***** DATASET EXCERPT *****

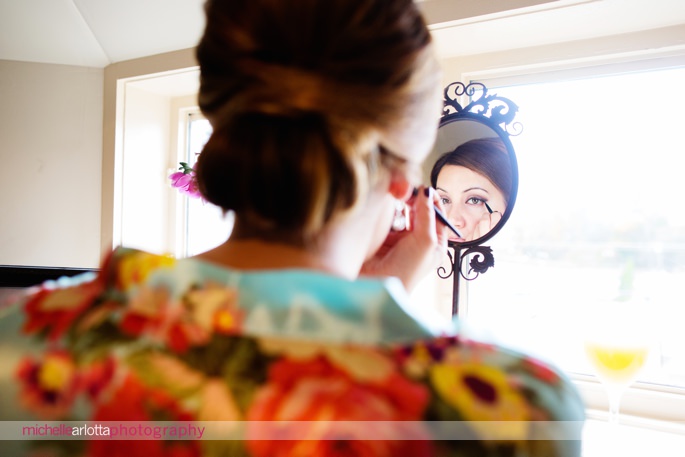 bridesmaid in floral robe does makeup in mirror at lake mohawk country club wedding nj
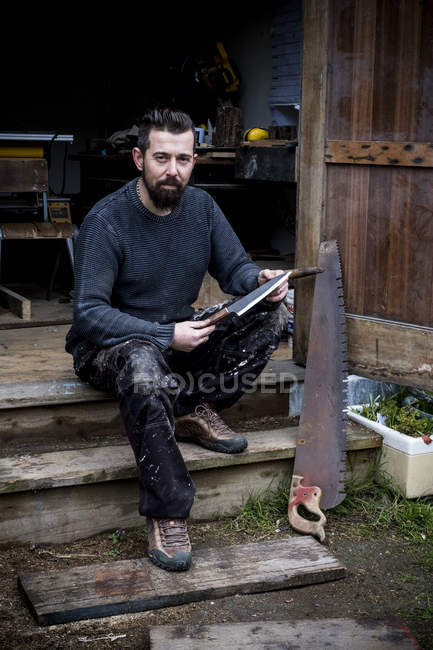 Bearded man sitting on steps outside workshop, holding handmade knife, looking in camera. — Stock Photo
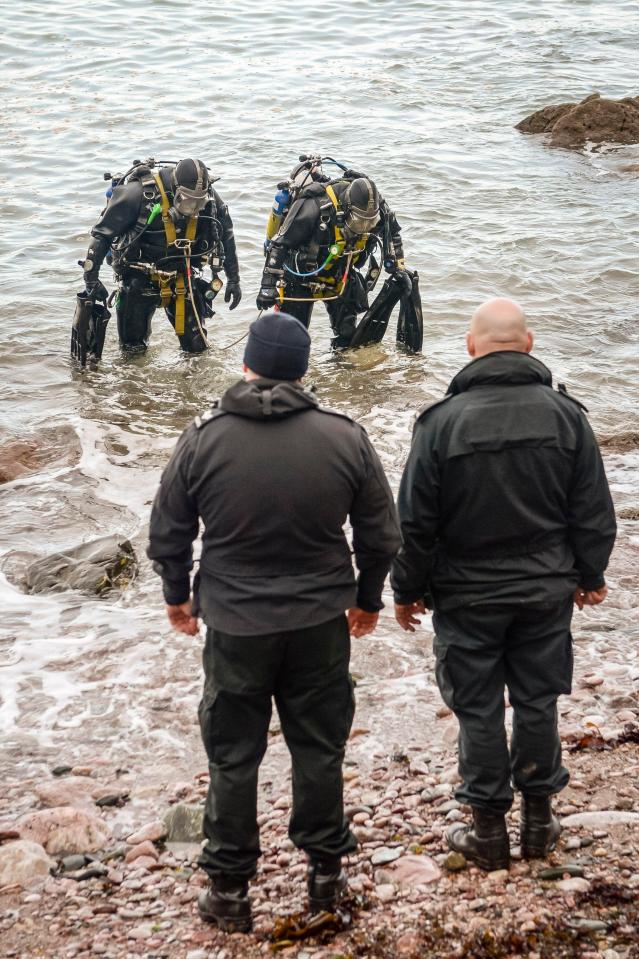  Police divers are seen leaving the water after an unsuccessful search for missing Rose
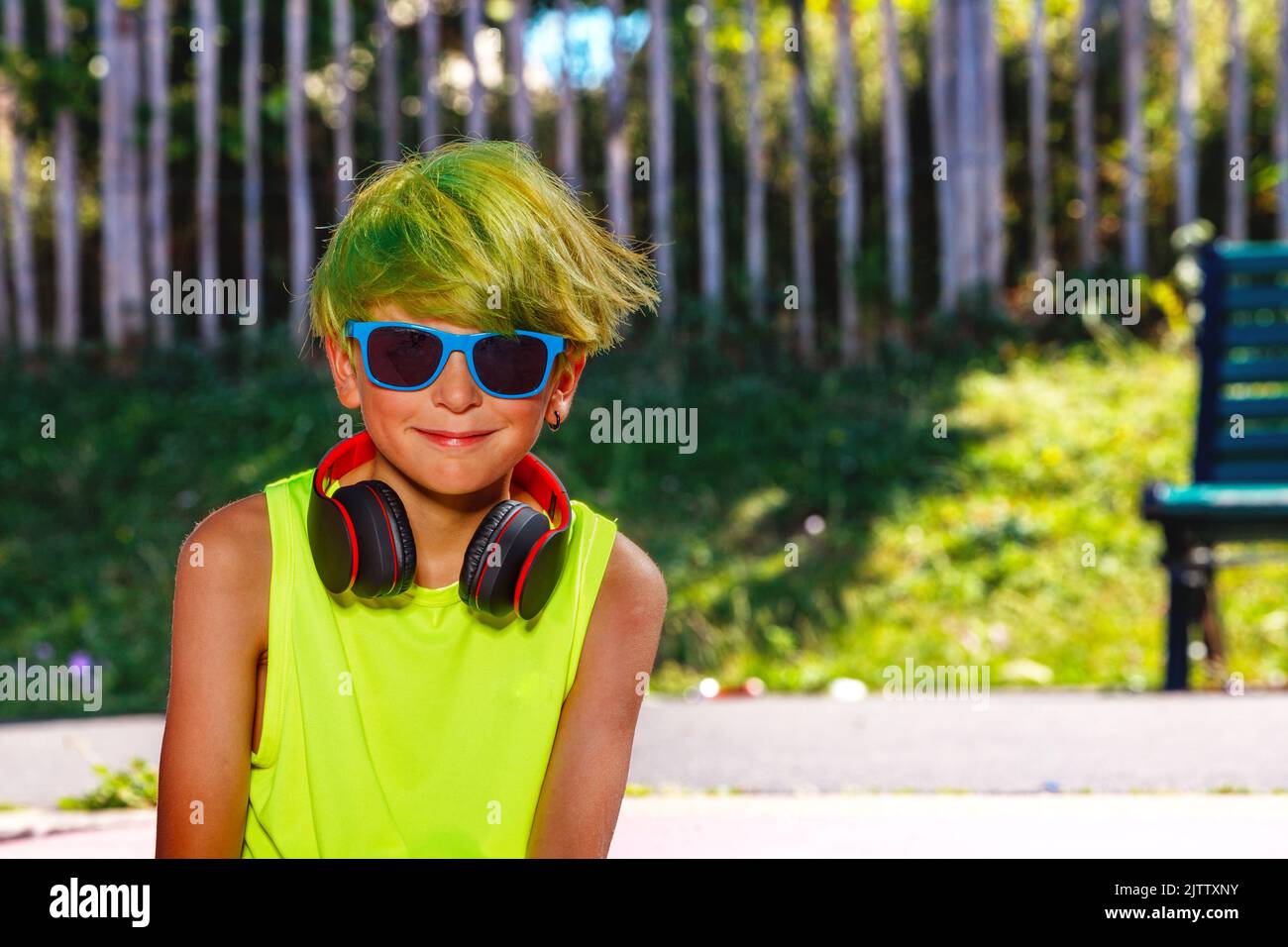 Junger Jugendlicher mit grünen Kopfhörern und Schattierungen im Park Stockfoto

*****

▸ GOAL OF THE EXERCISE
Reproduce the listing exactly, images omitted.

▸ OUTPUT OF THE EXERCISE
 bridesmaid in floral robe does makeup in mirror at lake mohawk country club wedding nj
 Bearded man sitting on steps outside workshop, holding handmade knife, looking in camera. — Stock Photo
  Police divers are seen leaving the water after an unsuccessful search for missing Rose
 Junger Jugendlicher mit grünen Kopfhörern und Schattierungen im Park Stockfoto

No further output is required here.